Sprint has also undertaken steps to leapfrog the other carriers in terms of data performance. Sprint spent a lot of money to buy Clearwire, mostly to get their spectrum. They plan to combine the 2.5 GHz spectrum they got from Clearwire with the 1.9 GHz LTE spectrum they bought in auctions to create significant data pipes. This will give them two separate 60 MHz blocks of spectrum that will perform well both close to a cell site and some distance away. They are shooting to have this all deployed by the second quarter of 2015, which will give them the ability to offer LTE speeds up to 150 Mbps download

Sprint also has been doing other interesting things. For instance, they had a promotion for most of 2013 that would give free service to any student who brought their own handset. This free service came with unlimited voice and texting and 1 GB of data. For only $10 a month a student could get unlimited data. One looks at that sort of plan and wonders how it could possibly benefit them to have a lot of customers that are not paying for service. But I think it’s a brilliant long-term strategy, and we don’t see a whole lot of long-term thinking in the carrier world that is measured by the earnings in the latest quarter. But think back a few decades when Apple was putting free, or nearly free computers in schools across the country. In doing so they raised whole generations of kids to like the Apple brand and this is part of the reason why they have exploded in popularity in recent years. Sprint is building the same brand name identity and loyalty of a whole new generation of cellular customers.

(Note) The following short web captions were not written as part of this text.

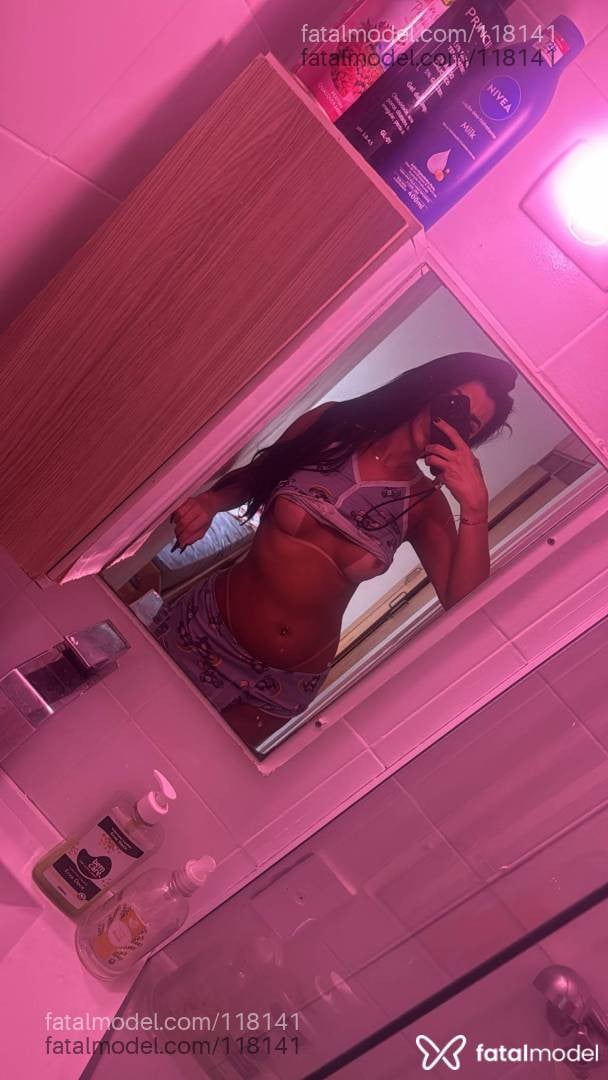 Acompanhante travesti morena (o) de olhos pretos - BYanka Rafaella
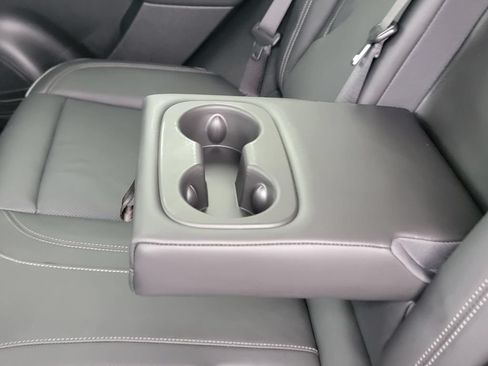 Used 2023 Buick Envision Essence FWD image 33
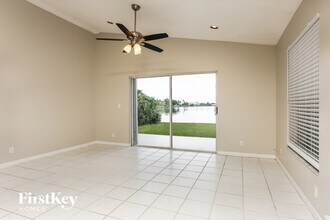 3202 W Buena Vista Dr in Margate, FL - Building Photo - Building Photo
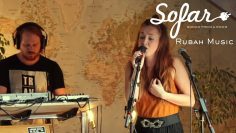 Rubah Music – Fight this war | Sofar Leiden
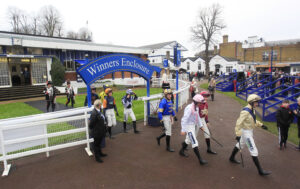 16B3157 Windsor Jockeys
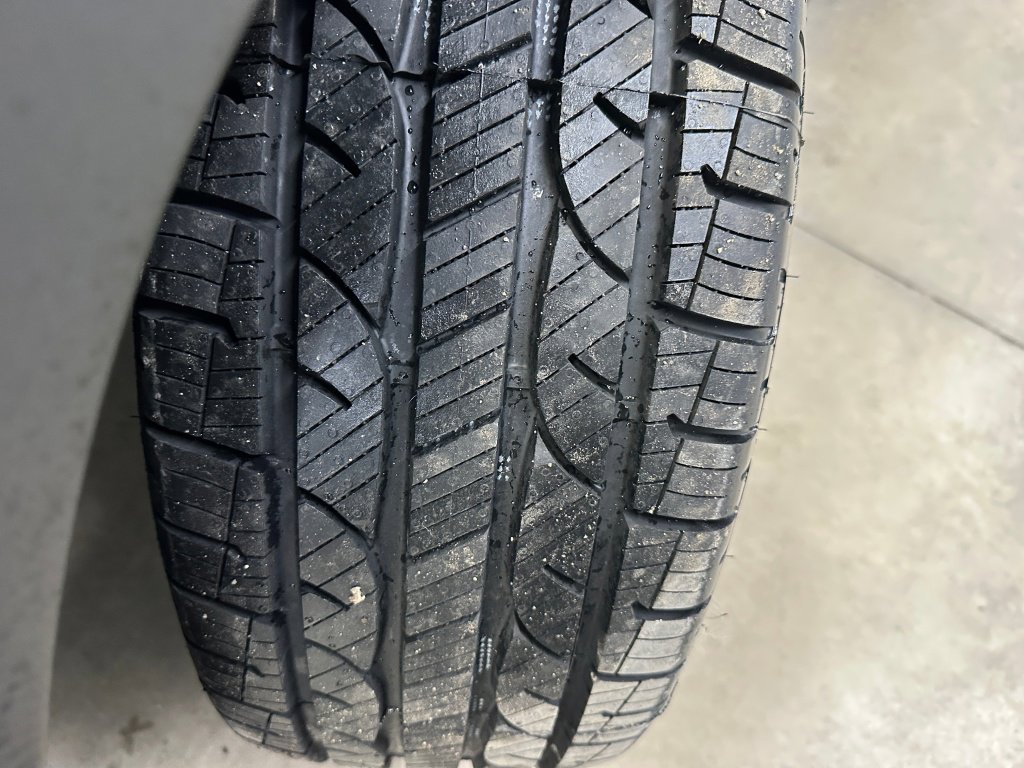 Used 2023 GMC Terrain SLE w/ Driver Convenience Package image 37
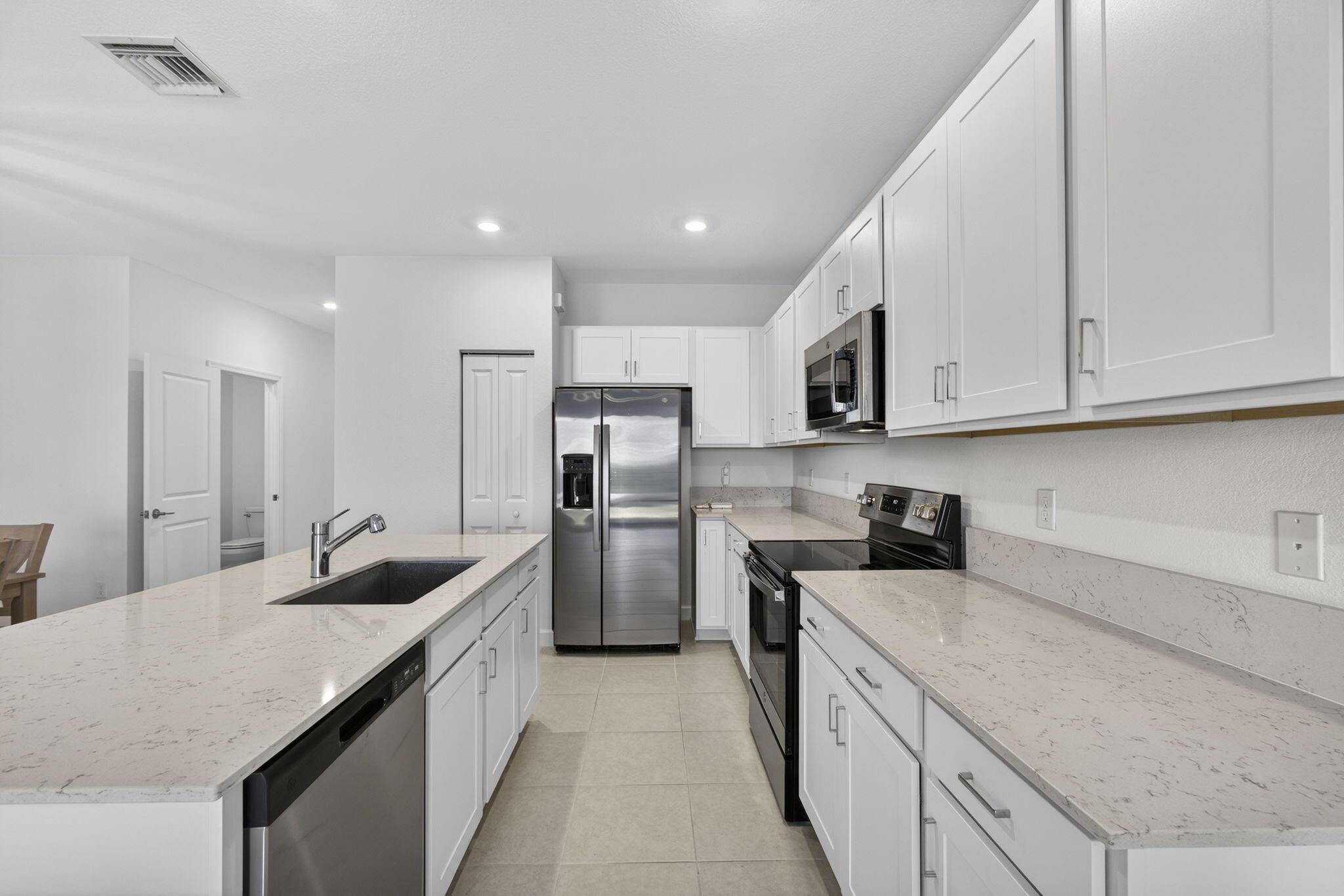 VERANDA PLAT NO. 9 - Residential Lease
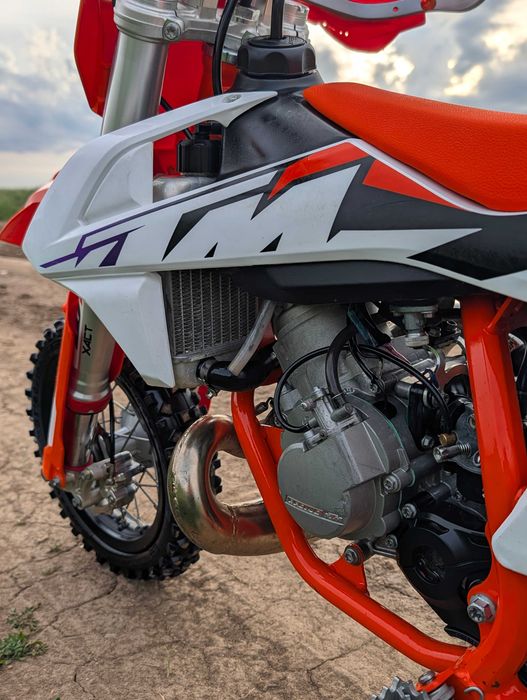 Vând Urgent KTM 50 SX Mini – ultimul model, cumpărată nouă în 2024, stare excelentă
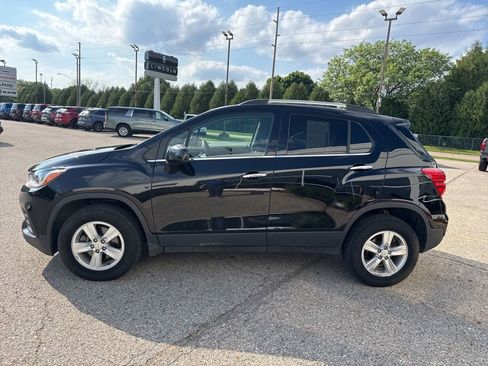 Used 2017 Chevrolet Trax LT w/ Driver Confidence Package AWD/4WD image 4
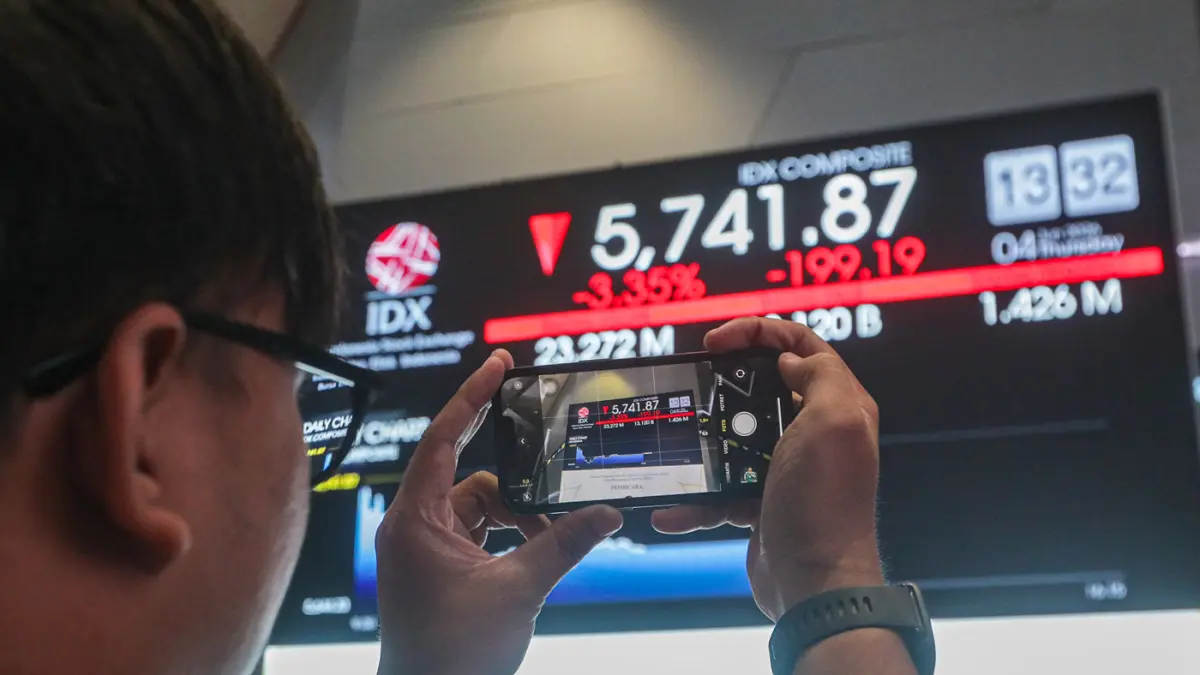Karyawan berada di depan layar pergerakan Indeks Harga Saham Gabungan (IHSG) di Bursa Efek Indonesia, Jakarta, Kamis (4/6/2026). (Salman Toyibi/Jawa Pos)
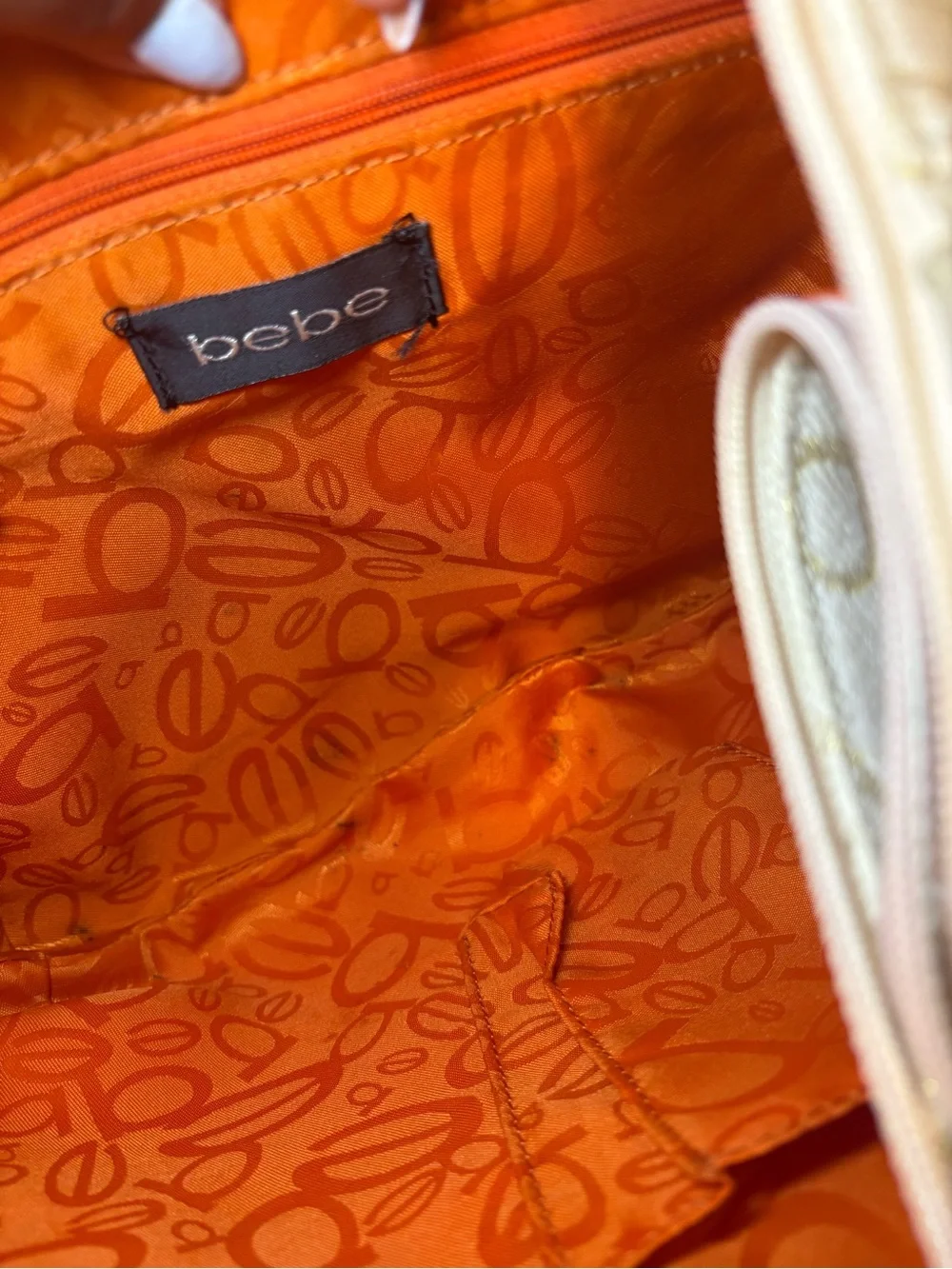 bebe chic hobo
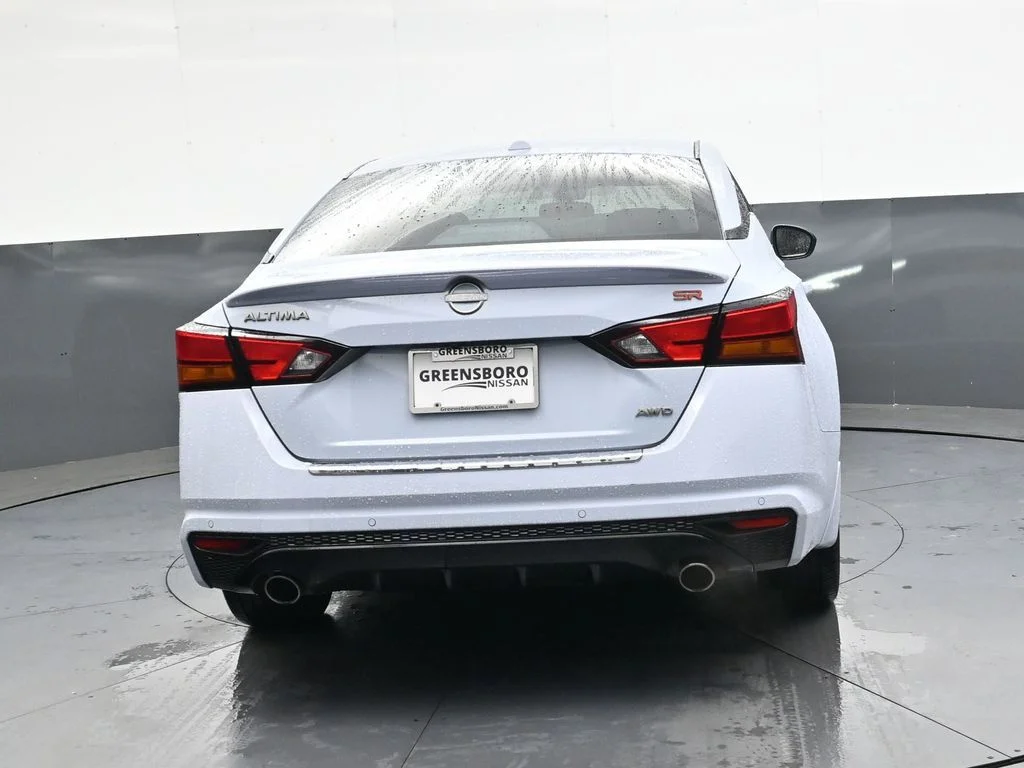 Used 2023 Gray Nissan 2.5 SR image 5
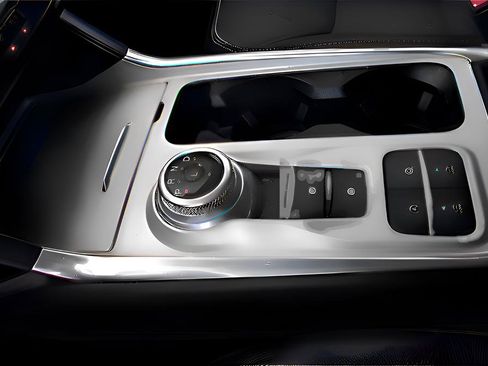 Used 2021 Ford Explorer Limited w/ Equipment Group 301A image 14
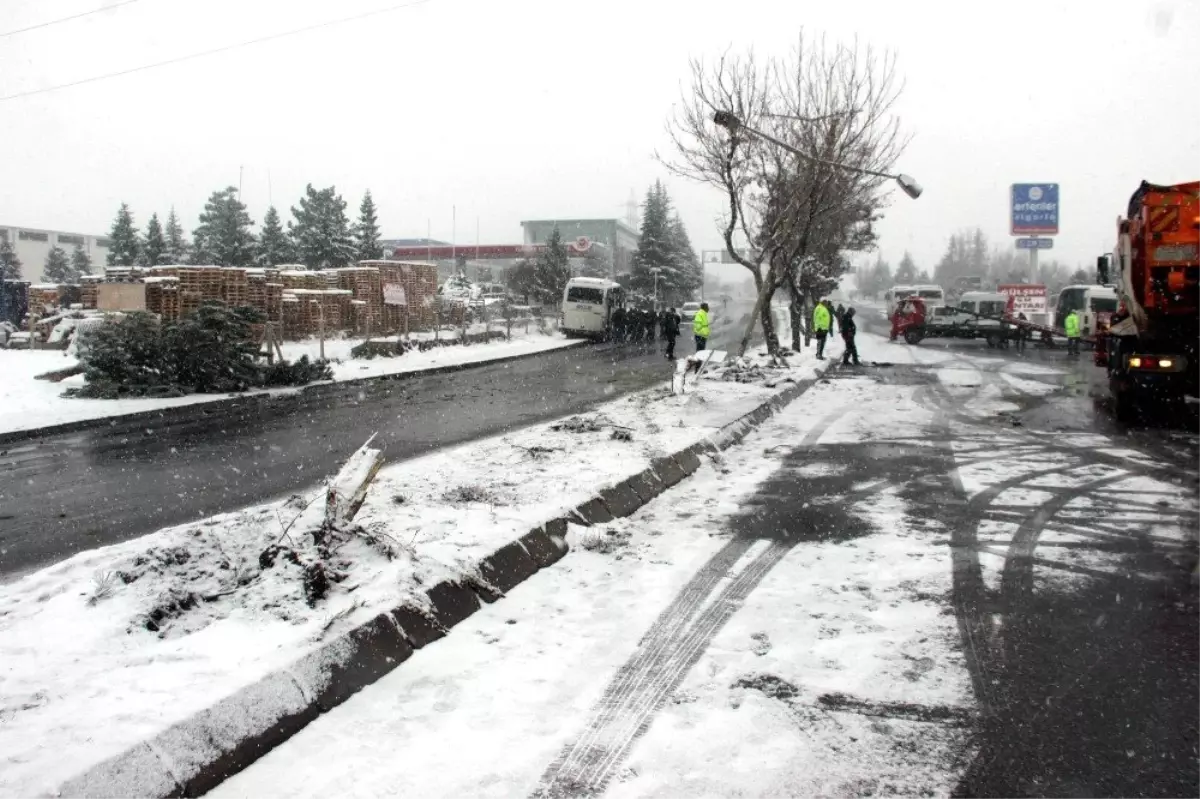 Kayseri\'de 5 servis ve 1 tır çarpıştı: 18 yaralı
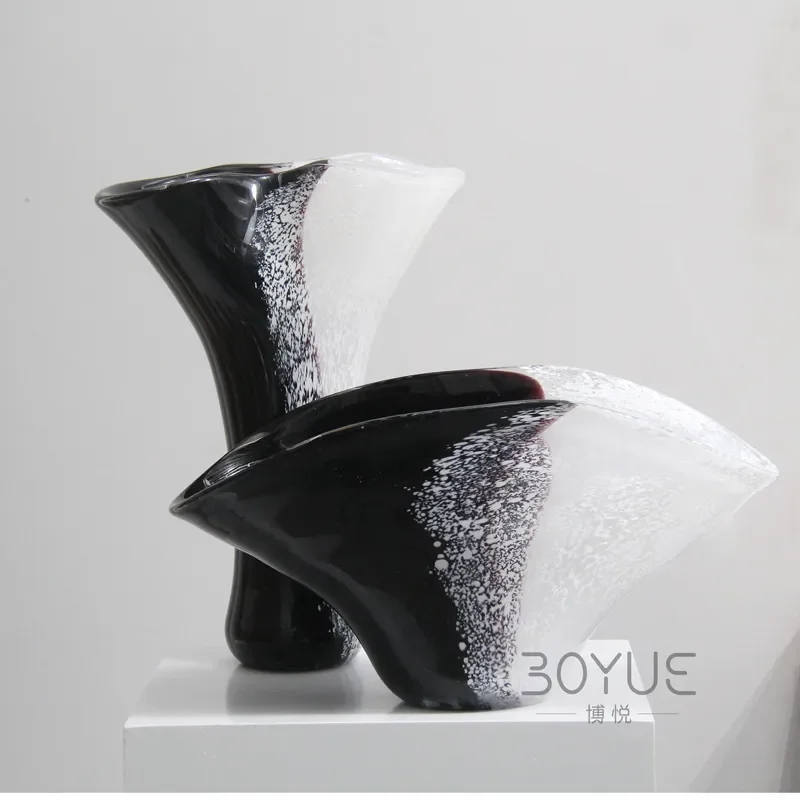 Creative light luxury black and white splicing bubble ink glass vase model house B & B living room dining table floral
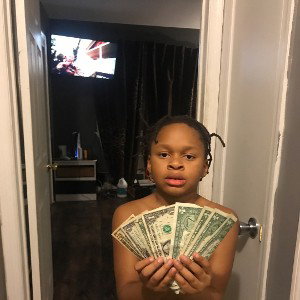 ROYAL MONEY (18:52:14)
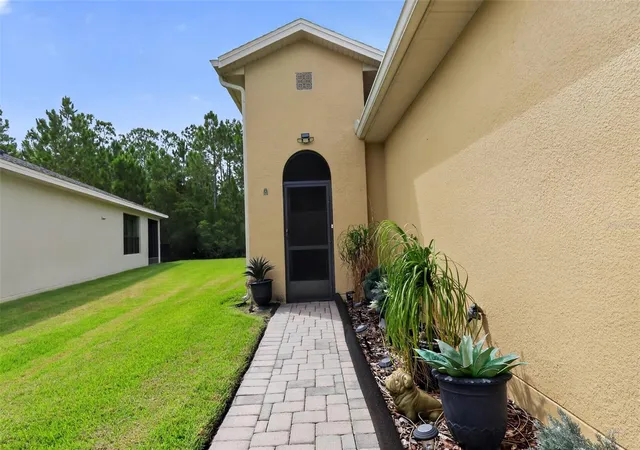 Photo 5 of Single family home for sale at 524 Presido Park Pl, Kissimmee, FL 34759 | MLS# O6432850 | Listing updated on 2026-08-27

Sprint has also seriously been aggressively pursuing a merger with T-Mobile. They were told late last year by the feds that such a merger was probably going to be opposed. However, the current thinking in the industry is that if the government let’s Comcast buy Time Warner that it’s then going to be very hard to say no to a Sprint – T-Mobile merger. I think such a merged company could be powerful. Sprint has a vision that cellular data needs to be unlimited, or with very high caps in order to be relevant a decade from now. When you look at combining the spectrum and customer bases of the two companies, along with Sprint’s new focus on customer service you could have a true third competitor to AT&T and Verizon. Today neither Sprint nor T-Mobile can be considered as real rivals. T-Mobile has been buying customers at the bottom of the market using low-cost specials, and as good as Sprint is, they are just not in the same stratosphere as the big two.